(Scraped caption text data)
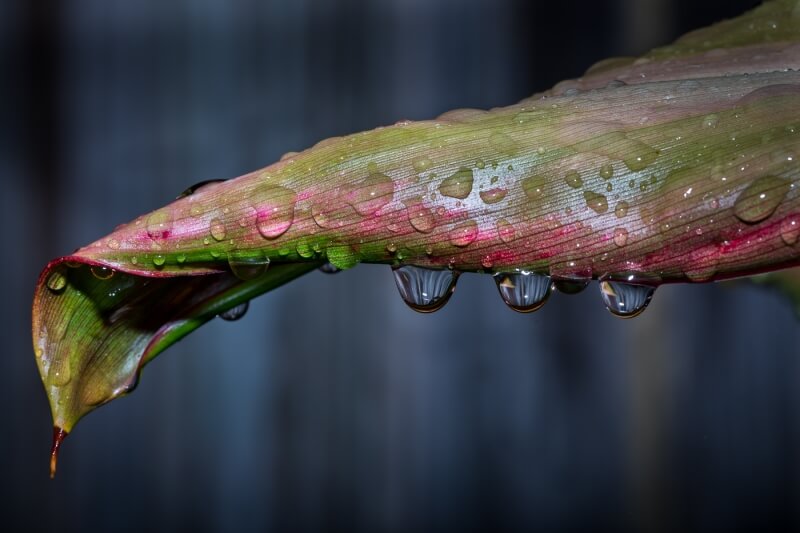 Honour For After The Rain By Janet Aldridge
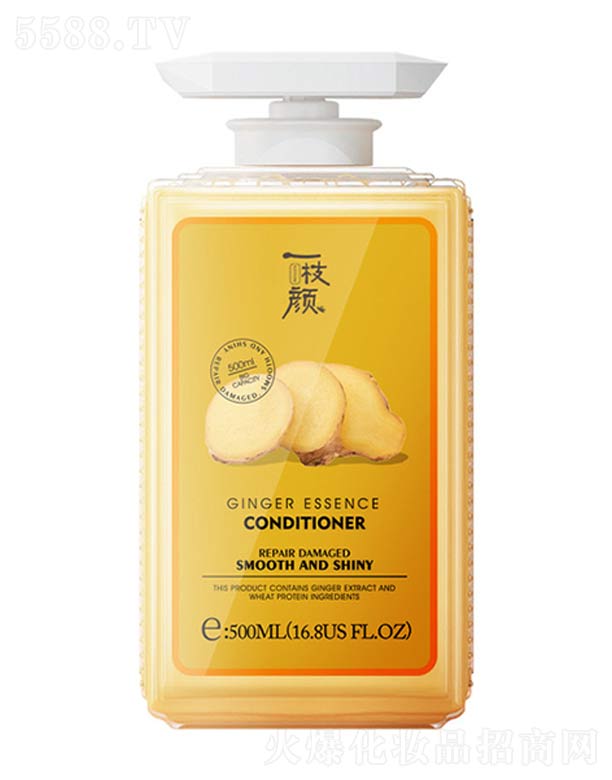 ��(gu��)�y���V�ݣ��Ƽ����޹�˾��һ֦�?zh��n)o(h��)�l(f��)��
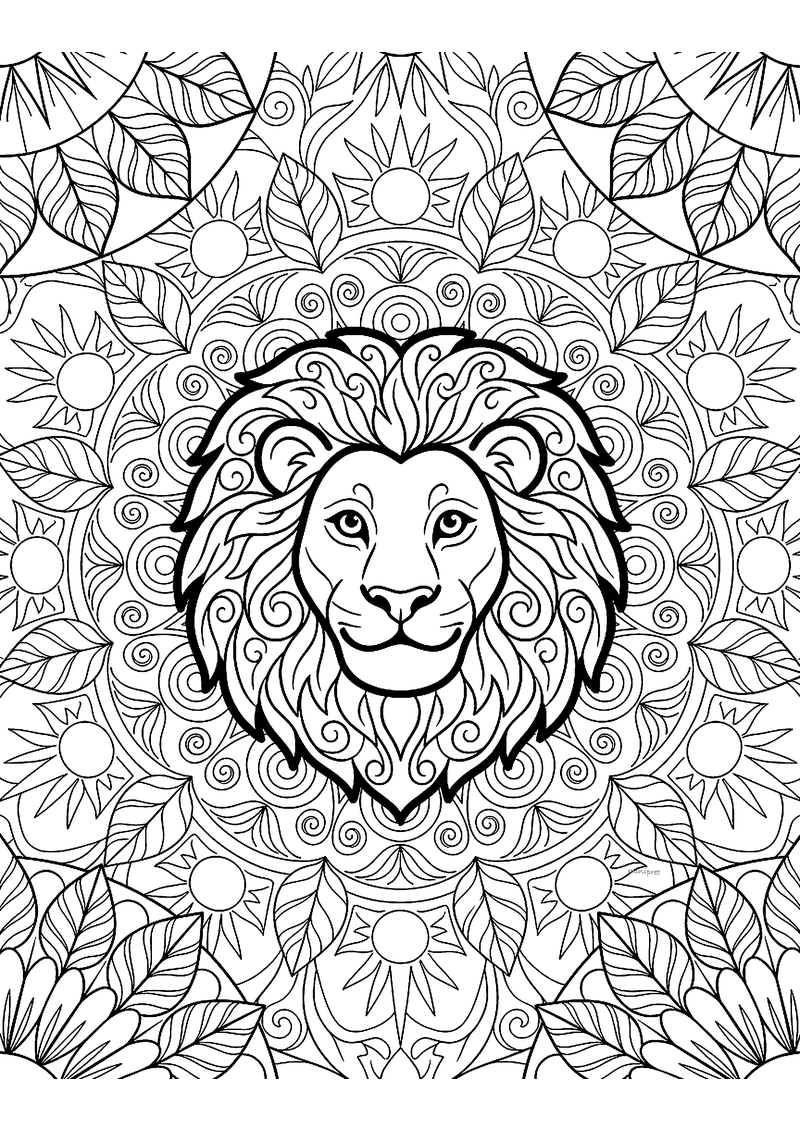 Groep 8 mandala kleurplaat — gratis kleurplaat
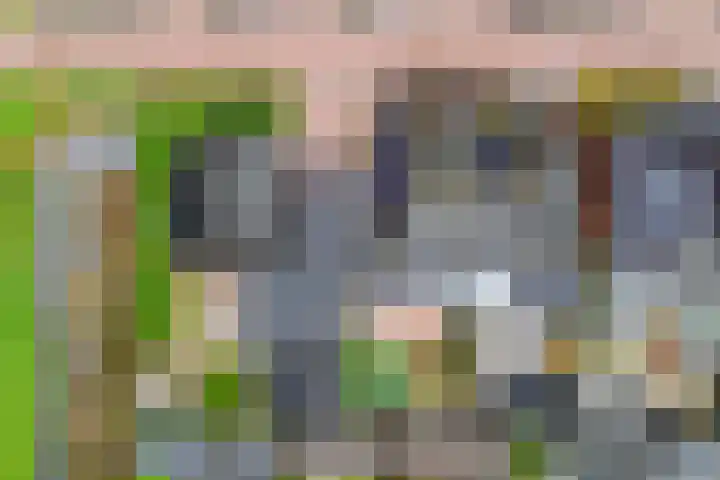 Koarstmoas 9 A Surhuisterveen thumbnail 49
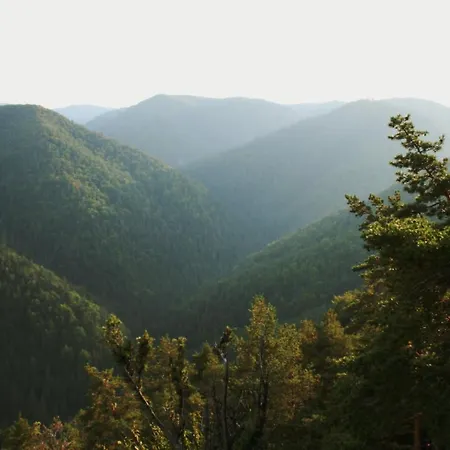 čákyho Kúria - Mezonetový S Krbom A Saunami *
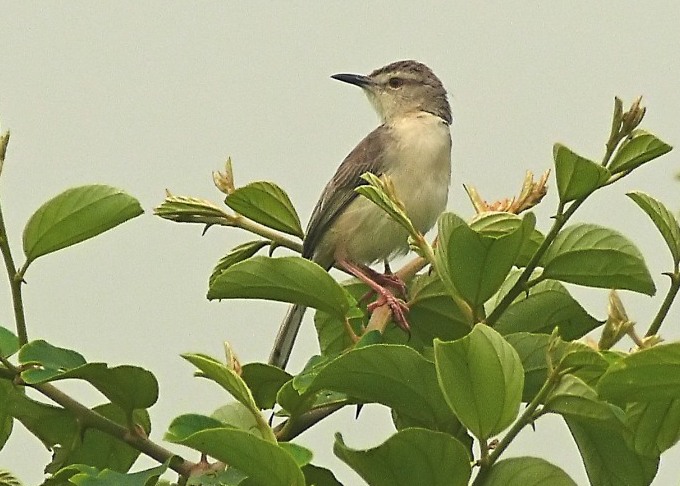 Plain-prinia-2.JPG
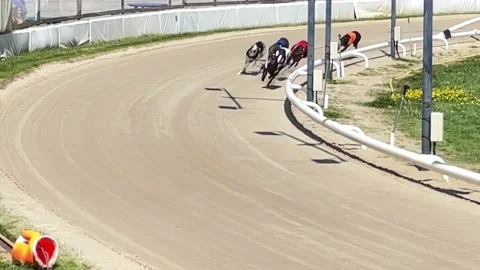 Greyhound Dogs Racing Stock Footage 195224431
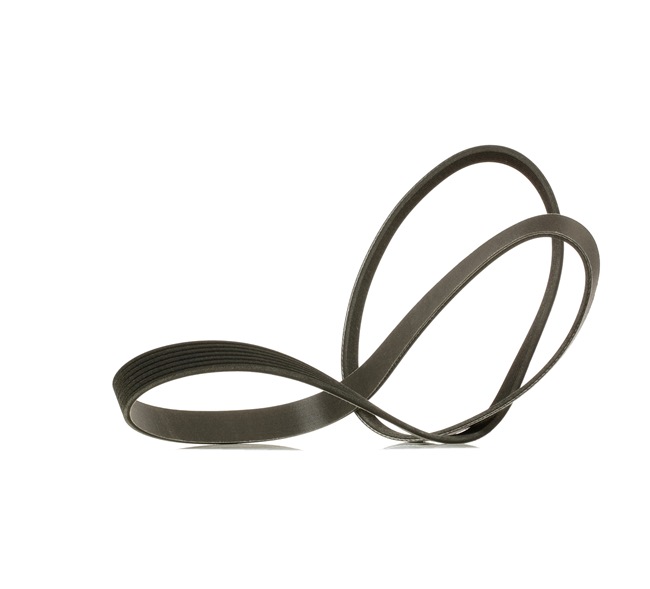 Curea de accesorii RIDEX PLUS 305P0307P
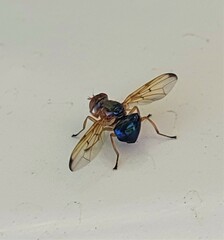 Lamprogaster flavipennis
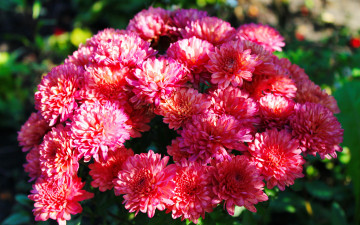 Картинка цветы хризантемы хризантема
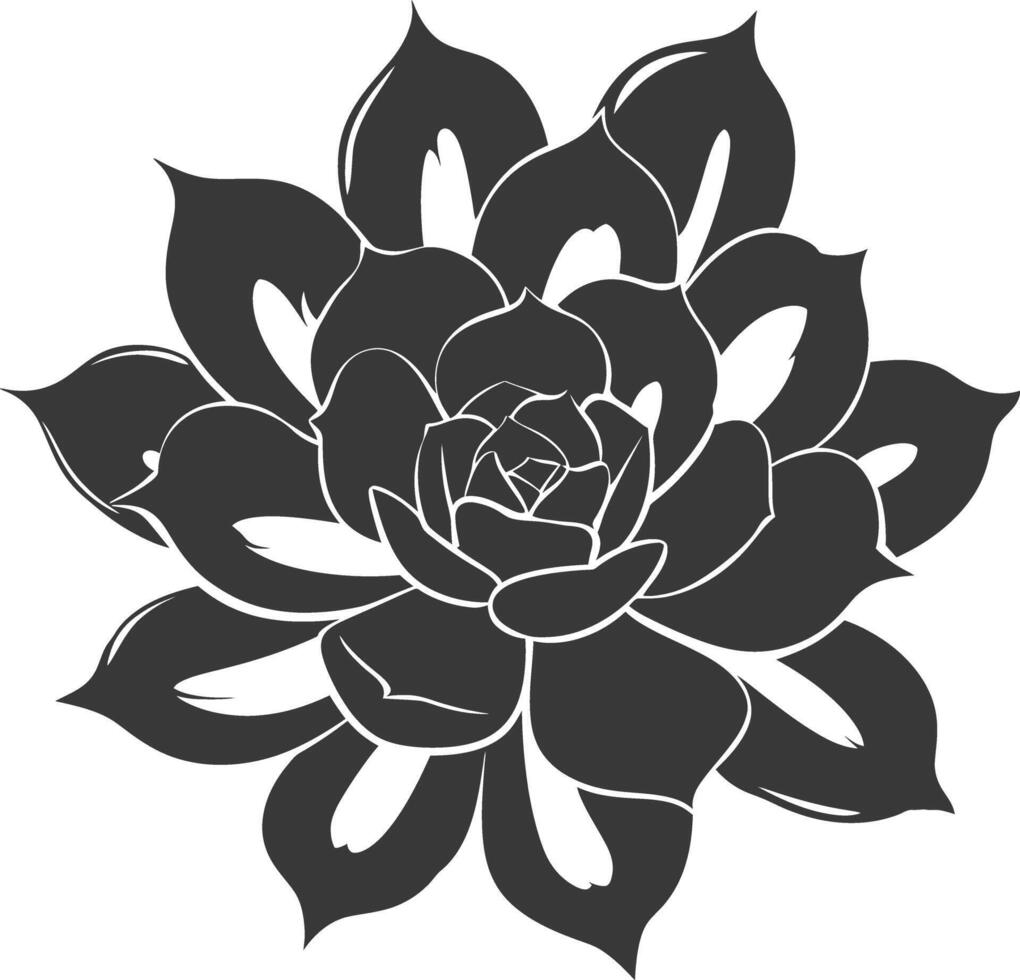 Silhouette Succulent plant black color only vector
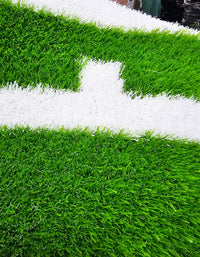 Thumbnail for Sled Track Grass with Marking - 10 x 2 Meters (Green)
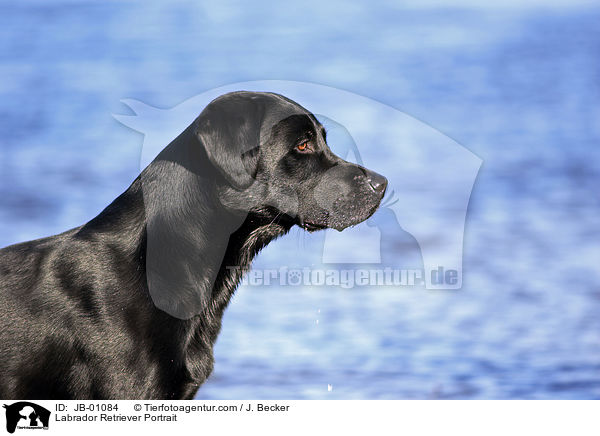 Labrador Retriever Portrait / JB-01084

## Problem
Omit the pictures. Write out exactly the lines from the one containing "čákyho Kúria - Mezonetový" through the last line of the entries, both of them included.

## Written answer
 čákyho Kúria - Mezonetový S Krbom A Saunami *
 Plain-prinia-2.JPG
 Greyhound Dogs Racing Stock Footage 195224431
 Curea de accesorii RIDEX PLUS 305P0307P
 Lamprogaster flavipennis
 Картинка цветы хризантемы хризантема
 Silhouette Succulent plant black color only vector
 Thumbnail for Sled Track Grass with Marking - 10 x 2 Meters (Green)
 Labrador Retriever Portrait / JB-01084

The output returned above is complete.